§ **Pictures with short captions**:
BEGIN
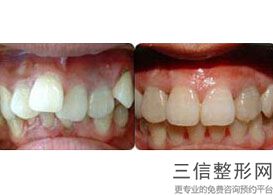 北京种植牙三甲医院排名榜靠前名单有北大口腔,北京哪个医院种植牙比较好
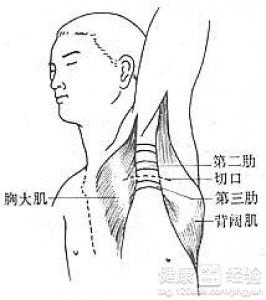 肋锁综合征是什么症状和表现用中医来解释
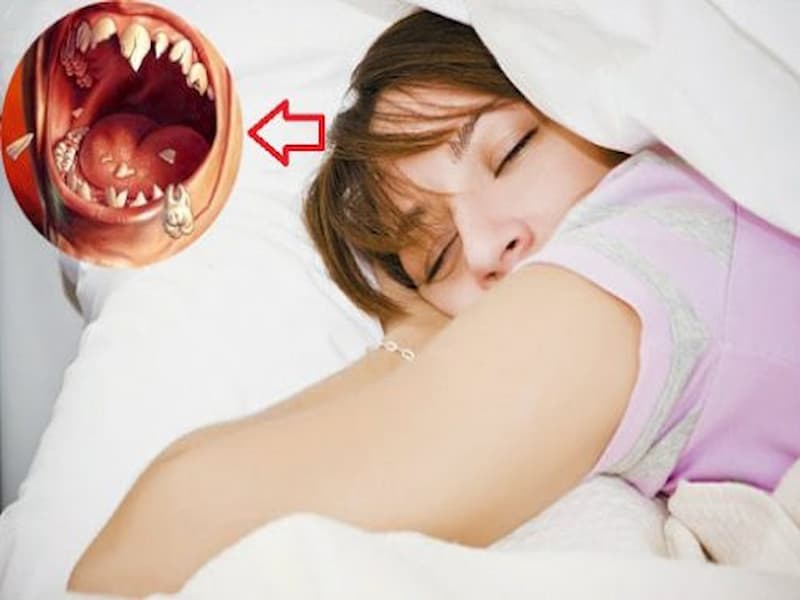 Tùy vào giấc mơ bạn rụng răng gì để đánh số thích hợp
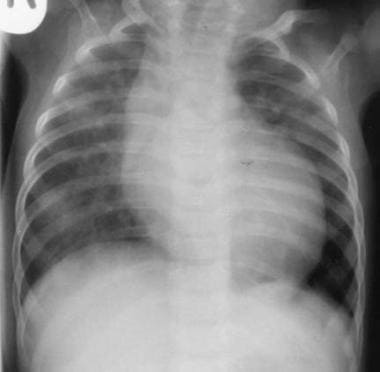 Endocardial Fibroelastosis. Chest radiograph, ante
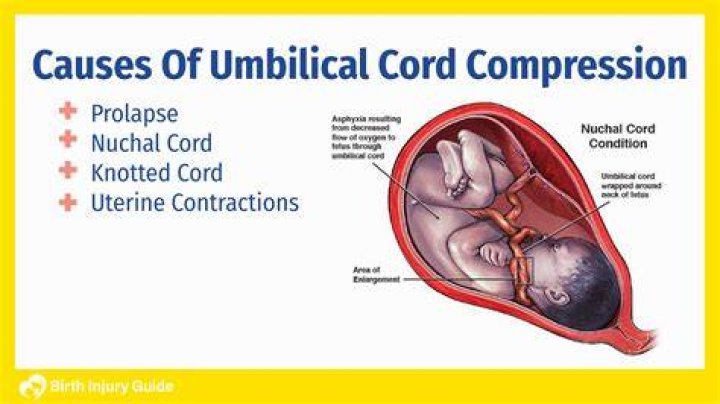 What percentage of babies die from umbilical cord strangulation?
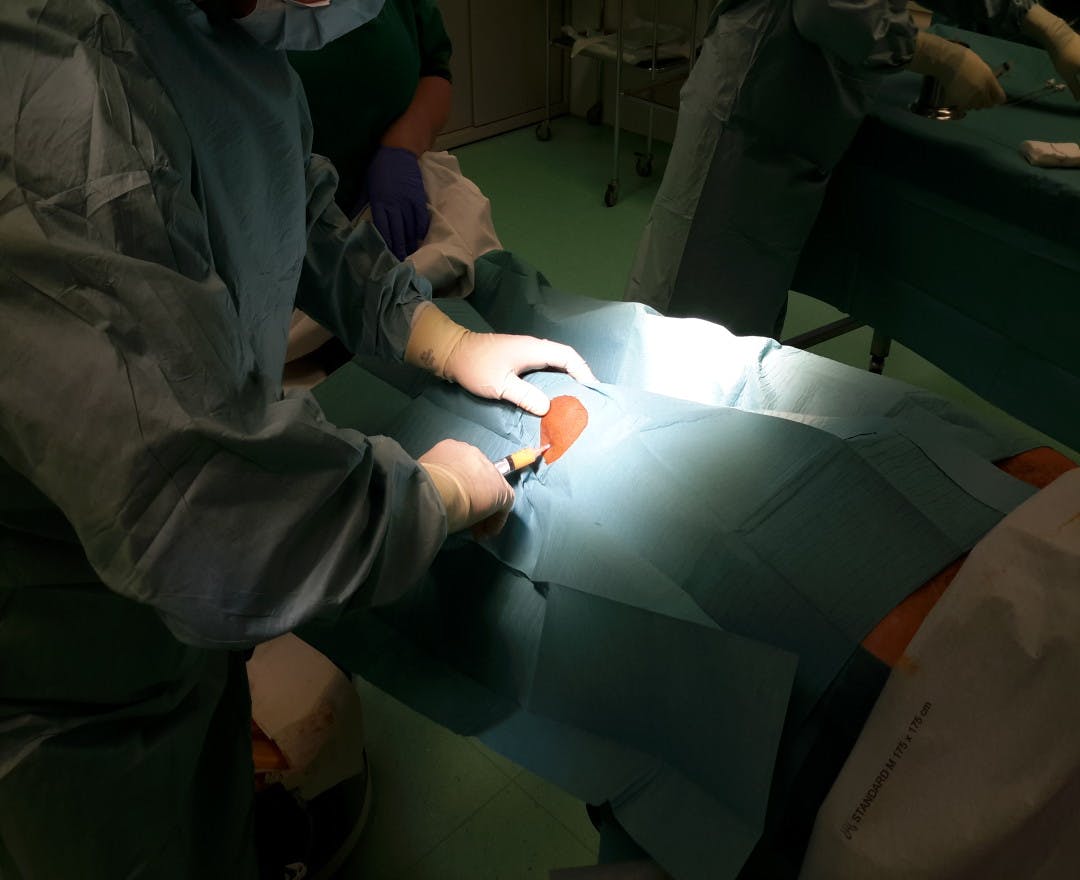 Image8_Ask The Expert: Lipogems As An Alternative To Orthopedic Surgery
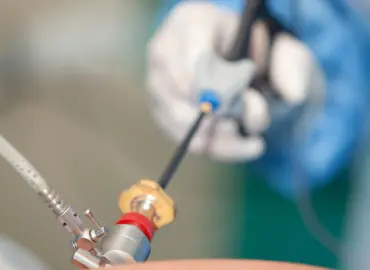 cirugia laparoscopica Servicios en Comalcalco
END
§ **PROBLEM DESCRIPTION**:
Nothing but the pictures should be left out when the records are retyped exactly.

§ **EXPECTED ANSWER**:
 北京种植牙三甲医院排名榜靠前名单有北大口腔,北京哪个医院种植牙比较好
 肋锁综合征是什么症状和表现用中医来解释
 Tùy vào giấc mơ bạn rụng răng gì để đánh số thích hợp
 Endocardial Fibroelastosis. Chest radiograph, ante
 What percentage of babies die from umbilical cord strangulation?
 Image8_Ask The Expert: Lipogems As An Alternative To Orthopedic Surgery
 cirugia laparoscopica Servicios en Comalcalco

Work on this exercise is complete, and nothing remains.